D’un seul coup, l’action de la banque centrale est devenue conditionnée essentiellement par les orientations choisies par le gouvernement. Aux Etats-Unis, la Fed a réduit très vite ses taux à l’hiver 2020, passant alors de 1,75% à 0%, et la banque centrale a acheté massivement les obligations émises par le Trésor. La hausse vertigineuse des bilans des banques centrales traduit clairement ce processus.

Les gouvernements ont repris de l’importance dans la gestion du cycle économique. Ils ont ainsi condamné les banques centrales à une stratégie de «suiveur» et cela risque de s’inscrire dans le temps. D’abord, parce que la politique budgétaire restera active très longtemps pour gérer les conséquences de la crise sanitaire. Ensuite, parce que la capacité des banques centrales à mettre en place des opérations de relance de l’activité est très réduite. Enfin, parce qu’une remontée trop rapide des taux d’intérêt aurait un impact tellement marqué sur l’économie, que ce serait suicidaire.

Les banques centrales sont dans une position inconfortable car elles ne veulent pas être l’institution qui aura mis l’économie à genoux en durcissant trop vite les conditions financières.

Le rapport de force entre les entreprises
et les gouvernements va changer radicalement.

L’arrivée de Joe Biden à la Maison Blanche est aussi le début d’une nouvelle relation entre Etat et entreprises. Le nouveau président américain veut mettre fin à la concurrence fiscale, avec l’instauration d’un taux d’imposition minimum de 21% sur les profits mondiaux des entreprises, et revoir en profondeur la politique de la concurrence aux Etats-Unis, avec les GAFA en ligne de mire.

Pour des raisons d’équité dans le financement de l’économie US, Joe Biden veut mettre en place une stratégie qui réduira la concurrence fiscale profitant essentiellement aux entreprises internationales et à leurs actionnaires. Son objectif est de réduire la capacité des entreprises à échapper à l’impôt via des mécanismes de transferts qui permettent de localiser les profits dans des paradis fiscaux afin de payer le minimum d’impôt.

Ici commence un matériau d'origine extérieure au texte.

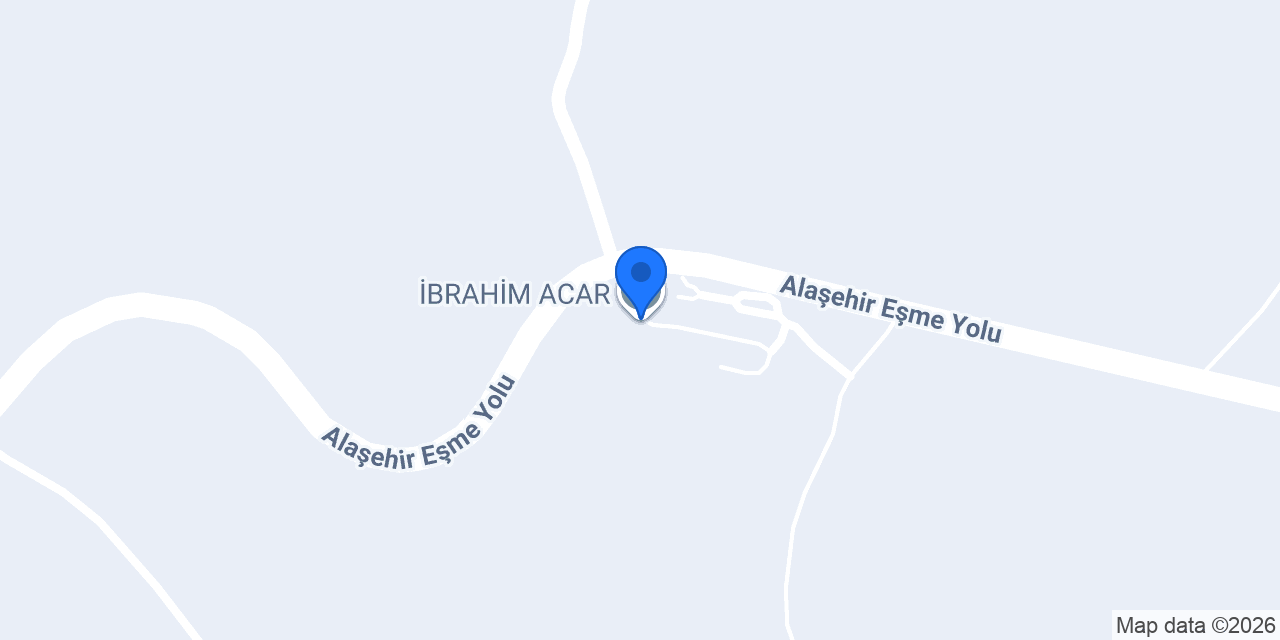 İBRAHİM ACAR konumu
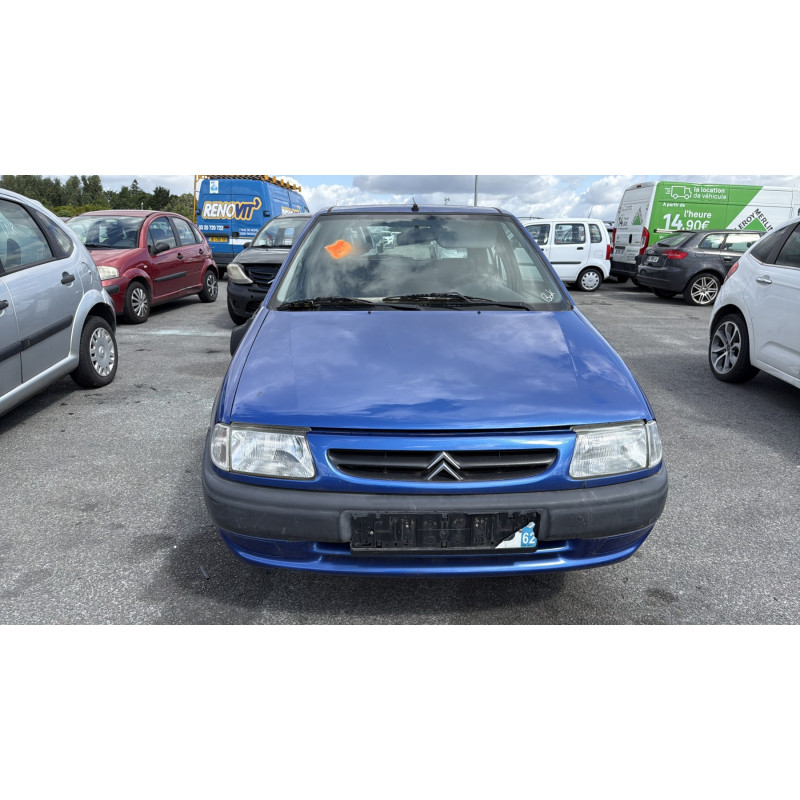 Porte arriere gauche CITROEN SAXO Photo n°14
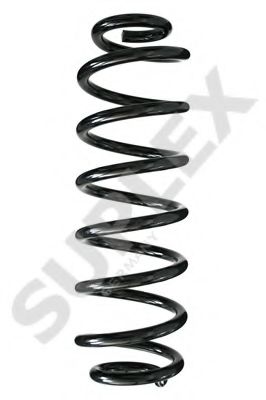 SUPLEX 39290 Пружина подвески для VOLKSWAGEN GOLF 6 (5K1) 2.0 TDI SUPLEX 39290 Пружина подвески для VOLKSWAGEN GOLF 6 (5K1) 2.0 TDI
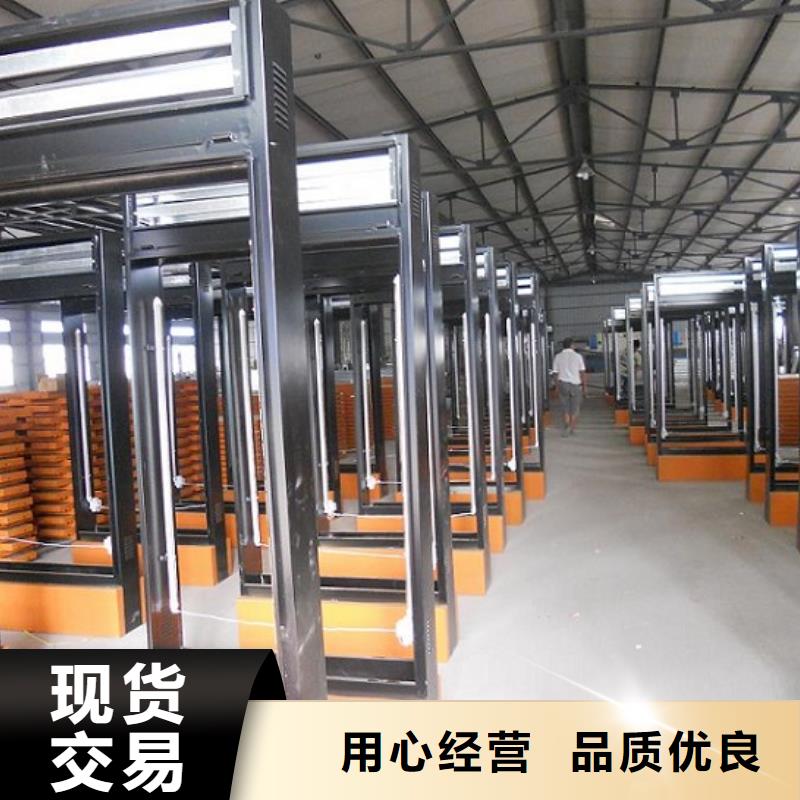 现代指路牌灯箱质量保证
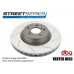 DBA 2055SR Тормозной диск задний правый серии STREET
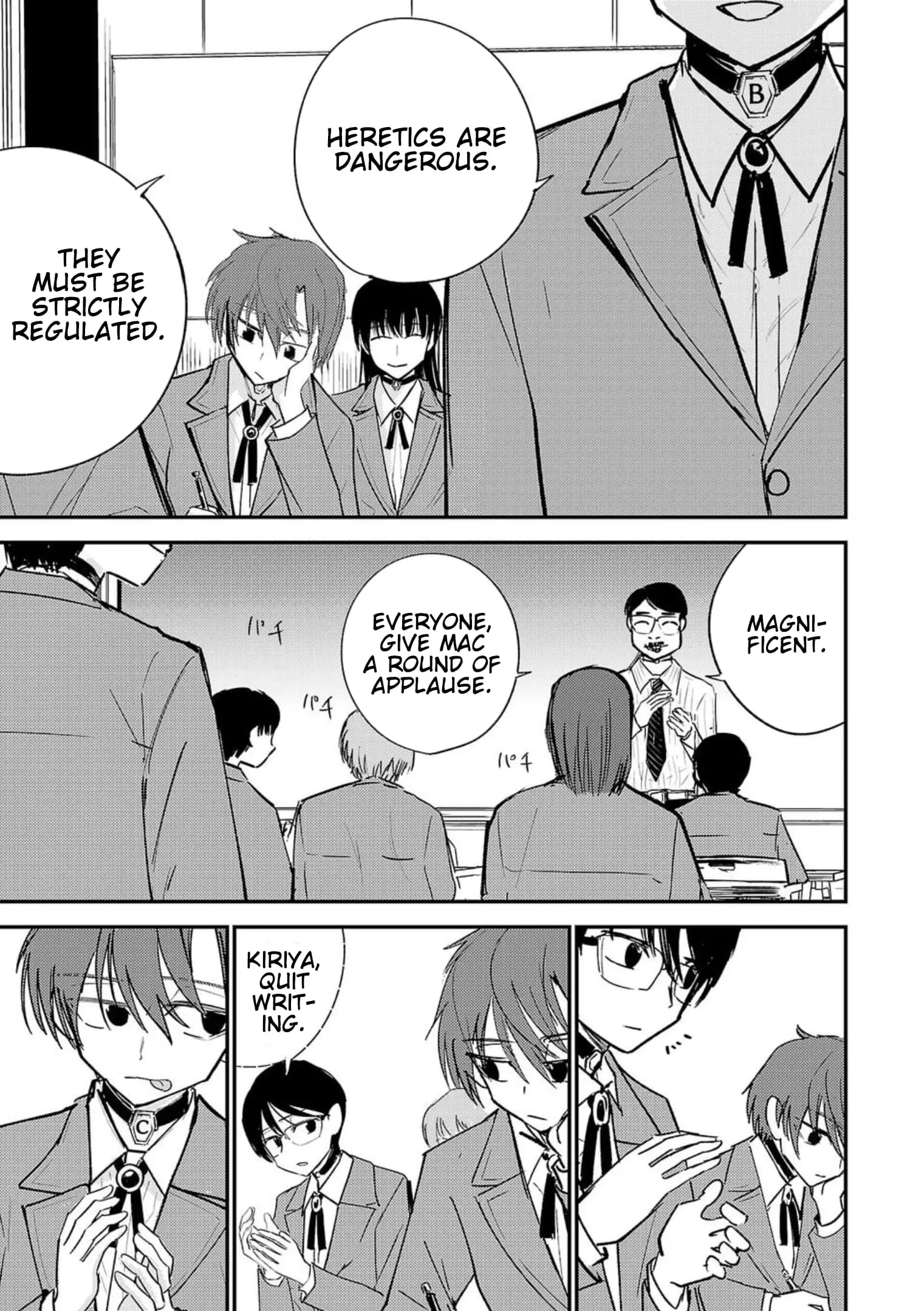 Read Break New World EN Manga Online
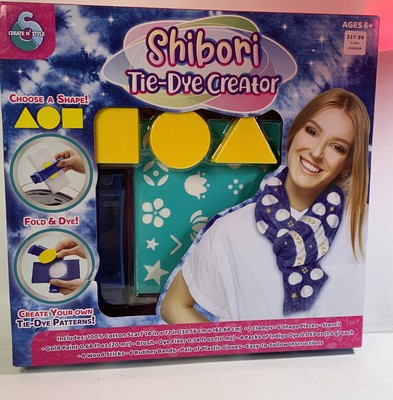 Shibori Tie Dye Creator Never Used In Unopened Box! Fast Shipping!
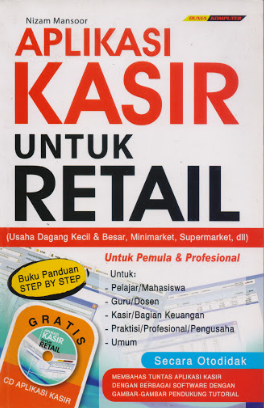 Aplikasi kasir untuk retail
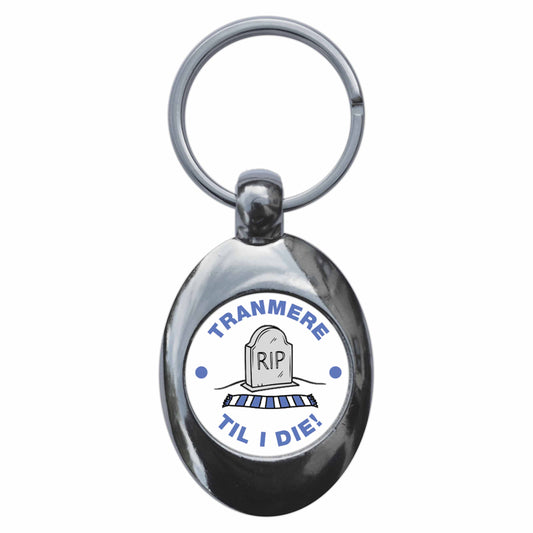 An image of a keyring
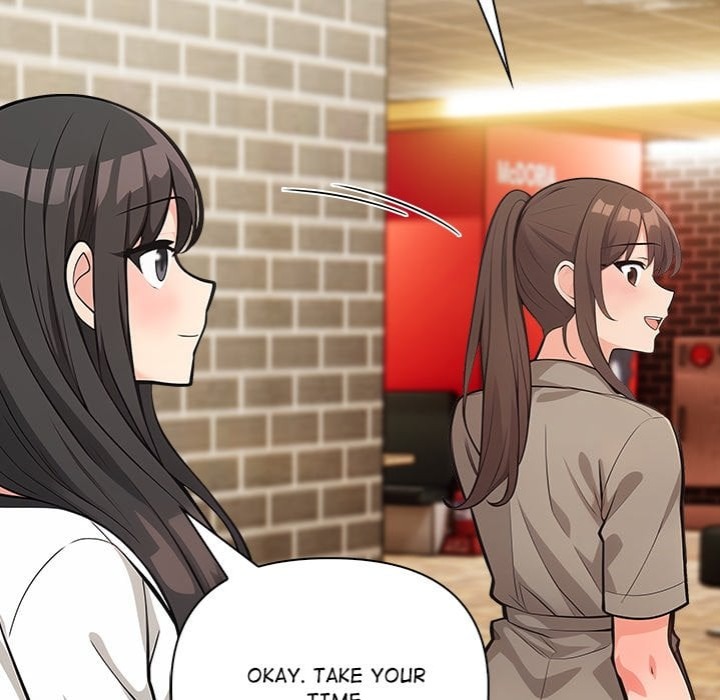 Trapped With My Boss Chapter 8 - Page 116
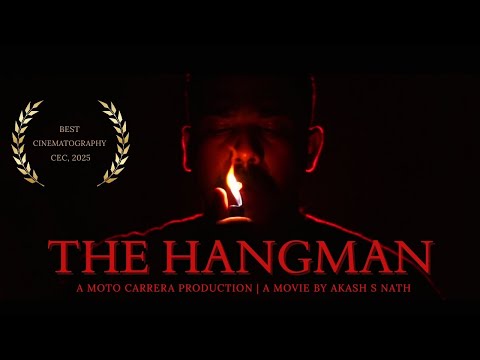 THE HANGMAN | BEST CINEMATOGRAPHY | CRIMINOLOGIA E CINEMA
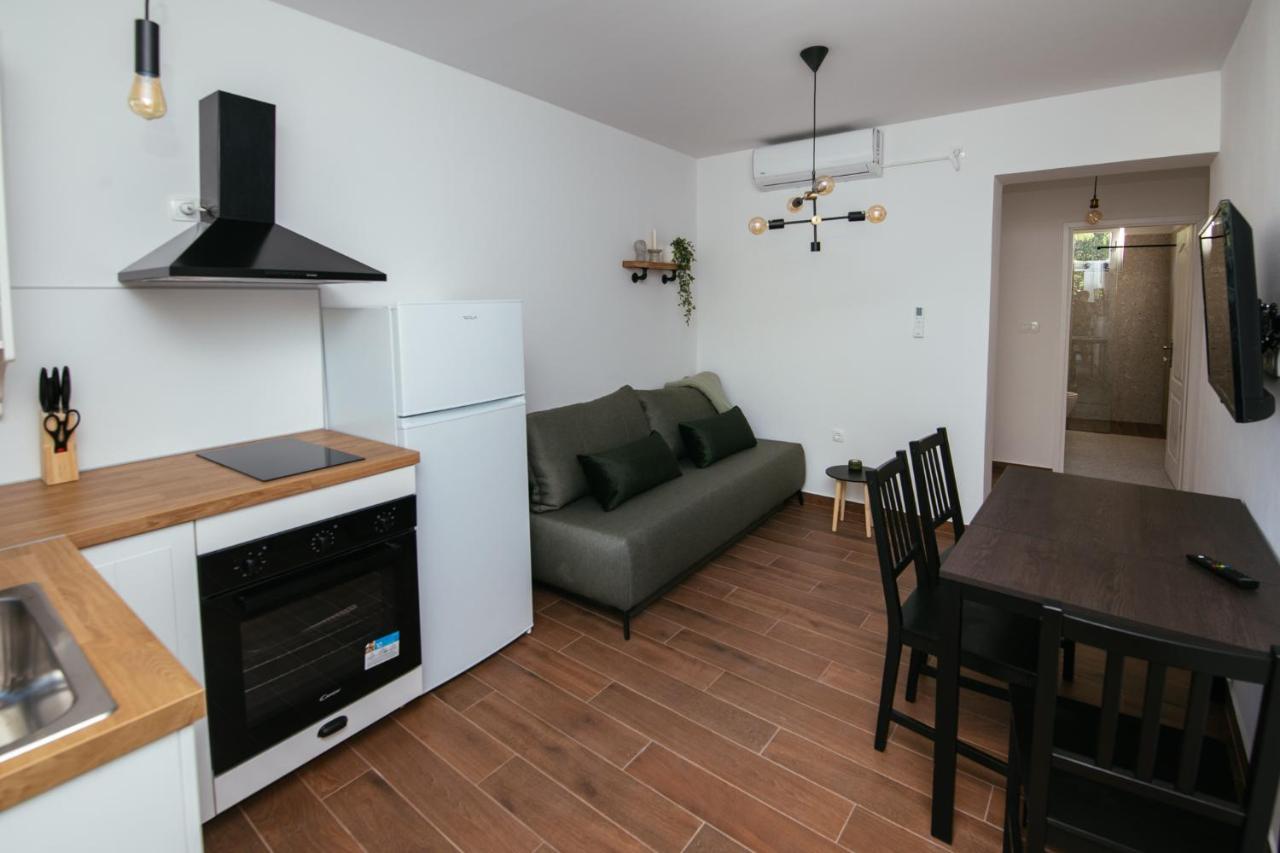 Apartmani Barbarosa Светі Филип-і-Яков Екстер'єр фото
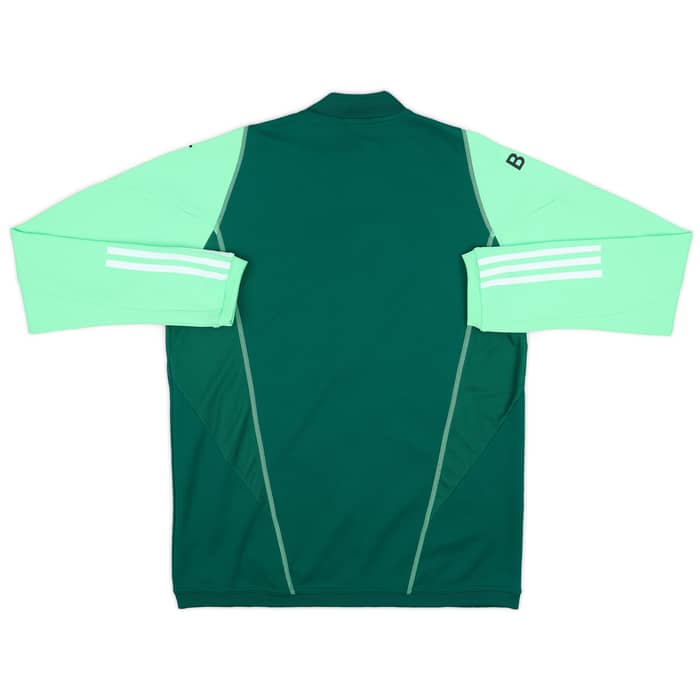 2023-24 Leeds United Player Issue Training Jacket - As New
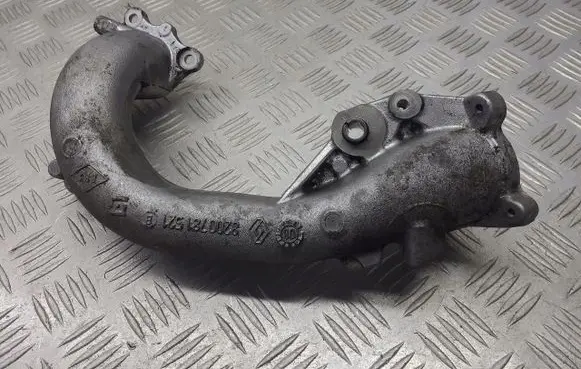 Renault Megane II Air intake duct part 8200781521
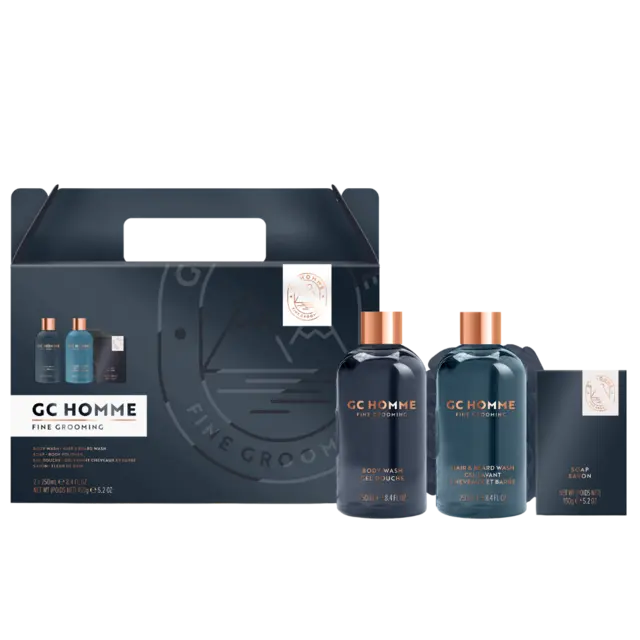 *LBC Homme Full Body Cleanse Kit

L’autre dimension du changement qui pourrait se dessiner est la remise en cause de la politique de concurrence américaine et de disposer d’une régulation efficace qui permette de réduire la concentration des grandes entreprises du numérique tout en faisant ré-entrer de la concurrence dans les comportements. Cette orientation pourrait être accentuée par la nomination de Lina Kahn comme commissaire à la Federal Trade Commission.

Au-delà de la gestion des données, une justification de cette réforme de la concurrence est l’inefficacité macroéconomique d’une telle situation. Dans la définition de sa politique économique, Joe Biden souhaite retrouver un plus haut niveau de productivité et il veut aussi favoriser la situation des classes moyennes. Cela passe par une hausse des salaires s’appuyant sur les gains de productivité. La situation va donc évoluer rapidement.

Les possibles changements qui seront observés à Washington pourraient servir la cause européenne et renforcer les options prises à Bruxelles au plus grand bénéfice de l’Europe.

La crise sanitaire crée les conditions pour une dynamique différente

L’économie globale va se reconstruire mais avec des politiques économiques des Etats qui seront a priori beaucoup plus actives, prenant le leadership sur les tendances qui se dessineront. C’est une inversion majeure par rapport à la quarantaine d’années observées depuis l’arrivée de Ronald Reagan à la Maison Blanche.

Si l’on voit bien la façon dont Joe Biden pourrait avoir l’intention de mener à bien ce retour du balancier en faveur de la politique économique du gouvernement, on peut cependant être plus soucieux pour la situation européenne. Il n’y a pas de gouvernement global pour la zone Euro et les faucons commencent déjà à manifester leur impatience. La politique des gouvernements doit être active et ne pas prendre le risque de l’austérité comme le suggère le plan pluriannuel présenté par Bruno Le Maire, qui prévoit la neutralité budgétaire après une grande activité bénéfique pour tous. C’est un peu le monde à l’envers et un contresens de l’histoire.